Homages to his past heroes are scattered throughout Born Sinner.
“LAnd of the Snakes” borrows quite liberally from Outkast’s “Da Art of Storytelling (Pt. 1)”; “Villuminati” samples Biggie’s voice (“Born sinner/the opposite of a winner”); “Forbidden Fruit,” on which Kendrick Lamar is tragically underused, only for the hook, is steeped in A Tribe Called Quest’s “Electric Relaxation” sample of “Mystic Brew.”
It’s difficult to be too critical, because some of it sounds pretty great. It did the first time, after all. Still, we’ve waited a couple years for Born Sinner and you might expect a new direction, a sound all its own. Instead it’s a, albeit very good, rehash of material we’re already familiar with.
Cole is a prodigious student of the game, but it’s working against him here. He’s borrowing too much from Jay, Nas and Biggie. The lack of identity, sad to say it, makes Born Sinner reminiscent of a Game album.
The other overriding problem here is a lack of substance. There’s too much talk about b**ches and hoes. It’s more tired than dark. It feels misogynist and petty on “Trouble” when Cole raps, “Want flowers, cards and the purses next/Nah, b**ch can’t a dollar/Cole on Twitter, b**ch can’t get a follow.”
He sounds just silly and weird on “LAnd of the Snakes” rapping, “My kicks hard, my whip hard/I came out the womb with my d*ck hard.”
Many of the songs on Born Sinner follow a similar narrative: Cole is an increasingly rich, horny dude, who will use ‘em and then lose ‘em, but there’s a few he really likes, although he’ll probably still cheat on them. The lead single “Power Trip” featuring Miguel is a prime example with Cole explaining:
“The same clubs I used to get tossed out/Life got crisscrossed, totally crossed out/Cause now I’m in this b**ch and I’m totally bossed out/Old chicks crying cause they know that they lost out/But I’m still on you, I’m still on you.”

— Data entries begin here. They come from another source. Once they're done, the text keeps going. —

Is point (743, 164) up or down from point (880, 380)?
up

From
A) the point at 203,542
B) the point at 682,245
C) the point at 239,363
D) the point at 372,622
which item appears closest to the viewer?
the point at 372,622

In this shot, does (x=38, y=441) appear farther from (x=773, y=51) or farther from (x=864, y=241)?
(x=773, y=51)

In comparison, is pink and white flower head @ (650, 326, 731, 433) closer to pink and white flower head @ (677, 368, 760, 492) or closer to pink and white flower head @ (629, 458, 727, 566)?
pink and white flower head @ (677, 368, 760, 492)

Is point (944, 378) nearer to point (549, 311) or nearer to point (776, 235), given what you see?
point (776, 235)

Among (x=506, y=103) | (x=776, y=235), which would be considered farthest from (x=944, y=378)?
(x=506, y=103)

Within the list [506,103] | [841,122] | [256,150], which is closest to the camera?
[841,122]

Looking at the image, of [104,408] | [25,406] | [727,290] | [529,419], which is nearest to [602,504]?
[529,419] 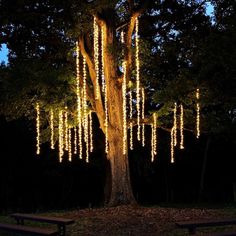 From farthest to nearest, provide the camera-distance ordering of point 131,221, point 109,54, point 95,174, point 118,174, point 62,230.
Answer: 1. point 95,174
2. point 109,54
3. point 118,174
4. point 131,221
5. point 62,230

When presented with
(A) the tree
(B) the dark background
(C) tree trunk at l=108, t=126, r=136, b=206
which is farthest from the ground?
(B) the dark background

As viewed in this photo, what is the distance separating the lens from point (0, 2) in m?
10.7

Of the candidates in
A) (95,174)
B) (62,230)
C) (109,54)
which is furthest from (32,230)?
(95,174)

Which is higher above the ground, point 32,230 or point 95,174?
point 95,174

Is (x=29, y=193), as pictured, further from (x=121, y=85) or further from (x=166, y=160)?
(x=121, y=85)

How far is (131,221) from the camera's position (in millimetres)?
9633

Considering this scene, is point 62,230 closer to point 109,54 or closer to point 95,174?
point 109,54

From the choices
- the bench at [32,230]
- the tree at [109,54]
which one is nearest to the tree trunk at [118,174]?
the tree at [109,54]

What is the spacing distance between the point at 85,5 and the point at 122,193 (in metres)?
5.10

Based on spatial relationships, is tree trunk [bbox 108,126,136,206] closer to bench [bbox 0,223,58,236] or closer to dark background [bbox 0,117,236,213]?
bench [bbox 0,223,58,236]

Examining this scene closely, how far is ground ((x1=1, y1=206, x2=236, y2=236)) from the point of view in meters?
8.59

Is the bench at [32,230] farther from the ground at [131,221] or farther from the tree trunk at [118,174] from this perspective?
the tree trunk at [118,174]

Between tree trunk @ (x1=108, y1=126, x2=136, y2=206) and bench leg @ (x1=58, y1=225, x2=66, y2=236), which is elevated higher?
tree trunk @ (x1=108, y1=126, x2=136, y2=206)

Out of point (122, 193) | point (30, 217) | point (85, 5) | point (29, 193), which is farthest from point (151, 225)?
point (29, 193) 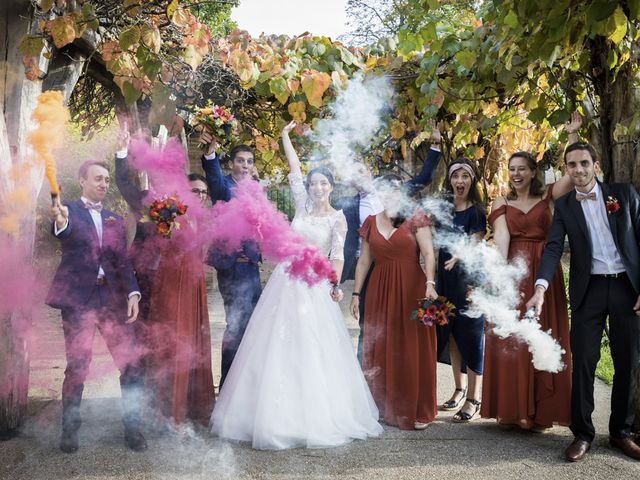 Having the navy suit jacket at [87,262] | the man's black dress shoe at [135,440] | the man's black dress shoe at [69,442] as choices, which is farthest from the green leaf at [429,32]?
the man's black dress shoe at [69,442]

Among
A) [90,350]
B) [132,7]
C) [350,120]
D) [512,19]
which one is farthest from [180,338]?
[512,19]

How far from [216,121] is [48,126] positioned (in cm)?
138

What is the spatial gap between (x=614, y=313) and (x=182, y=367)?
327cm

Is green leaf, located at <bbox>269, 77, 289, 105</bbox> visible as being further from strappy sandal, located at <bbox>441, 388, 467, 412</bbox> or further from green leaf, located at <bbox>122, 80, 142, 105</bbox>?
strappy sandal, located at <bbox>441, 388, 467, 412</bbox>

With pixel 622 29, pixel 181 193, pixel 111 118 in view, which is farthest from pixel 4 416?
pixel 622 29

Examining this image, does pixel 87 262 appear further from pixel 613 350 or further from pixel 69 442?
pixel 613 350

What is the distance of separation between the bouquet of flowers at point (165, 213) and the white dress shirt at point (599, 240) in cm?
274

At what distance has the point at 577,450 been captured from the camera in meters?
4.23

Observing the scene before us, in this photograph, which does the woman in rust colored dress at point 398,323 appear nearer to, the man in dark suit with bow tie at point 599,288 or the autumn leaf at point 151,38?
the man in dark suit with bow tie at point 599,288

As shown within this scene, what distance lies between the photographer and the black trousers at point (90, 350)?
4.21m

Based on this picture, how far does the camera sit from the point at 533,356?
178 inches

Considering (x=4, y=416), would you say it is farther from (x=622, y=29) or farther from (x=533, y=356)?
(x=622, y=29)

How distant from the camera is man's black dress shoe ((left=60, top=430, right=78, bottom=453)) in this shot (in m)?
4.20

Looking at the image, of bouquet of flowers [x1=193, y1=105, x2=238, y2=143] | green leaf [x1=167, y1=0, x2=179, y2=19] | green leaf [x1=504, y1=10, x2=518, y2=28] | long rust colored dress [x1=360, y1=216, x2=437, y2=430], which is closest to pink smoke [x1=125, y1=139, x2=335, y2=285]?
bouquet of flowers [x1=193, y1=105, x2=238, y2=143] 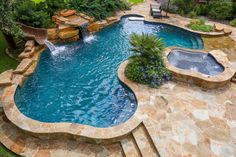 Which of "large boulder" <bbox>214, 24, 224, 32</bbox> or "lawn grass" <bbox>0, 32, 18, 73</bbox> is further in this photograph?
"large boulder" <bbox>214, 24, 224, 32</bbox>

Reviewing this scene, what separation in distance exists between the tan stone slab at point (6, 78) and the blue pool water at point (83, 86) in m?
0.45

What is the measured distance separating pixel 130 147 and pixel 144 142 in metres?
0.42

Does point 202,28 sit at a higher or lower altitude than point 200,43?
higher

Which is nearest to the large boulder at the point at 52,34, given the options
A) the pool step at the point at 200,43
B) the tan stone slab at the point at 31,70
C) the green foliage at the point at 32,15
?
the green foliage at the point at 32,15

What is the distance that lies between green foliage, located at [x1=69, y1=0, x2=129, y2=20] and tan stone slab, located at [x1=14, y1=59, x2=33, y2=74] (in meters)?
4.74

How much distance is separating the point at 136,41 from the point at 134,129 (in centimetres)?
347

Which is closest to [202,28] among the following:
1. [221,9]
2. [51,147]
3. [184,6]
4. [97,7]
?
[221,9]

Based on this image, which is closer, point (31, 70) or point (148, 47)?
point (148, 47)

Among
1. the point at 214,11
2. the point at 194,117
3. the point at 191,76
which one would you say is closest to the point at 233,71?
the point at 191,76

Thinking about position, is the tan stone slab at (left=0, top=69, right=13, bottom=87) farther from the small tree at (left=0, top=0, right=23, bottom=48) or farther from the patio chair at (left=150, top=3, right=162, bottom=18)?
the patio chair at (left=150, top=3, right=162, bottom=18)

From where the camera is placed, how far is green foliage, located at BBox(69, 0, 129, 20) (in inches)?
500

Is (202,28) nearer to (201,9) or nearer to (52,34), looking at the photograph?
(201,9)

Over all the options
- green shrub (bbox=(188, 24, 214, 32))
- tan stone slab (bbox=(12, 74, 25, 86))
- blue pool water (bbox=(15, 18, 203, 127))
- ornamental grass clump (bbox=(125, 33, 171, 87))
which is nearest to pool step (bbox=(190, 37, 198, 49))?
blue pool water (bbox=(15, 18, 203, 127))

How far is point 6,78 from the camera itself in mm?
8266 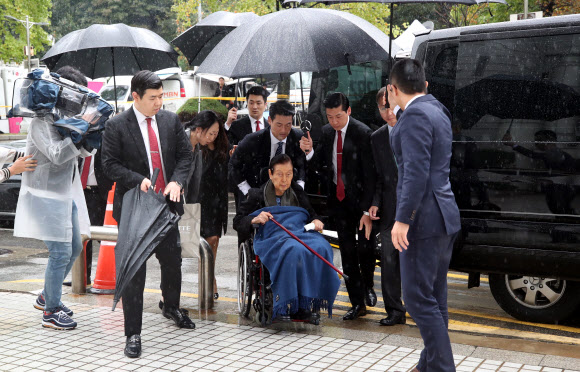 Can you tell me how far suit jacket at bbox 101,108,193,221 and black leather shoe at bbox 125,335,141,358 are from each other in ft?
3.02

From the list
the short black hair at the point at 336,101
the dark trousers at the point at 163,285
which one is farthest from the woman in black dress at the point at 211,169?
the short black hair at the point at 336,101

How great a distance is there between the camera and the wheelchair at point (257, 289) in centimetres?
598

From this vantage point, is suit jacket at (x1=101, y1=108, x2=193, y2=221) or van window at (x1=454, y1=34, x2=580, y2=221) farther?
van window at (x1=454, y1=34, x2=580, y2=221)

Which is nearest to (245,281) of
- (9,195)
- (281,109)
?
(281,109)

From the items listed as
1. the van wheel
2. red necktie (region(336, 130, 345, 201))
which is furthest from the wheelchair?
the van wheel

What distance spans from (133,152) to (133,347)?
1388 millimetres

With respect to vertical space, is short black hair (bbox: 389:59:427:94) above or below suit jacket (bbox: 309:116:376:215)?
above

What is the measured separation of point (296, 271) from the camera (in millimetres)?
5762

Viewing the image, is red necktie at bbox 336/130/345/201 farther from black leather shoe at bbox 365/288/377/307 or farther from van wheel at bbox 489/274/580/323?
van wheel at bbox 489/274/580/323

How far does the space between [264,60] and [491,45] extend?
1829 millimetres

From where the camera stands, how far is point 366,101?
9.16 meters

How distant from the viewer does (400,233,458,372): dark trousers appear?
4344mm

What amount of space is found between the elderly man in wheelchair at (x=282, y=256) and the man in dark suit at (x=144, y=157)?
0.63 meters

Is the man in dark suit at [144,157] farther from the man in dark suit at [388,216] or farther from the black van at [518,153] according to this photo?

Despite these complaints, Born Sinner is easy on the ears with solid production throughout and Cole having flow for days.
The operatic production on “Trouble” stands out, the rich strings and eager beat of “Villuminati” is a perfect backdrop for Cole’s skills. The thump of “She Knows” is impossible to hard to resist, with Cole imagining himself as a Martin Luther King of the clubs (“In the back of his mind is Coretta.”) “Is She Gon Pop” and “Forbidden Fruit” are fun even if they’re filled with overly simplistic come-ons.
Born Sinner will get you through the day, but it’s sort of like one of the many nameless women Cole relentlessly pursues – pretty to look at it, hollow on the inside.